As for me, I have been very quiet. What I've actually been doing is puttering away in Unreal Engine, using only Blueprints. I have an idea of what game I'm making (an action-RPG where you play a wizard) but the gist of it is that I'm trying to follow tutorials and learn how to implement all the various features I really want to have in games. So far the game consists of running around a default map, and there's an item on the ground (random item, Diablo style) which you can pick up and equip to adjust your stats in a pretty thorough inventory system. That's the whole game. But it's feeling really solid though! I don't intend this to be any kind of big fancy game, I'm just doing it to learn.

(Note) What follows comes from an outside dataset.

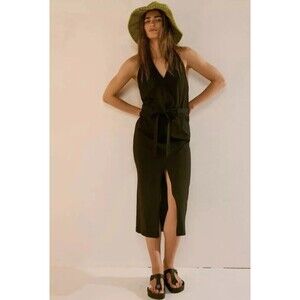 Free People Randi Midi Halter Dress Open Back 100% Cotton Black Size Small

It may never even be completed.
Working in Blueprints is really interesting and cool. It's kind of limiting and clunky, but there's just something really fun about linking up nodes with wires to create functional code. I wouldn't do it if I were going for an efficient way to get my ideas onto the screen, but sometimes it IS a lot more efficient. For instance, if you want to make an enemy that runs at the player, navigating around obstacles, that's literally one node with a couple of inputs, while it would be several
files full of hundreds of lines of code and data in C++ (granted that's just because the Unreal Engine guys have already implemented this algorithm for you - if you use their C++ system, you could also probably do it in one line of code, since you're just calling the function they wrote).
But the whole thing is a whole new paradigm that I'm really enjoying as a hobby. And I think I can make something real and playable doing it, I just have to let go of my need for full control, because sometimes you try to do something and you find it's basically impossible. But the things you can do are plenty impressive enough, you just have to adjust your expectations to what it can do rather than what you imagined doing. Anyway, I think it's a cool way to learn fancy game making, and there are thousands of tutorial videos on Youtube that can guide you through it, if you're interested in a fun version of game programming that isn't too serious.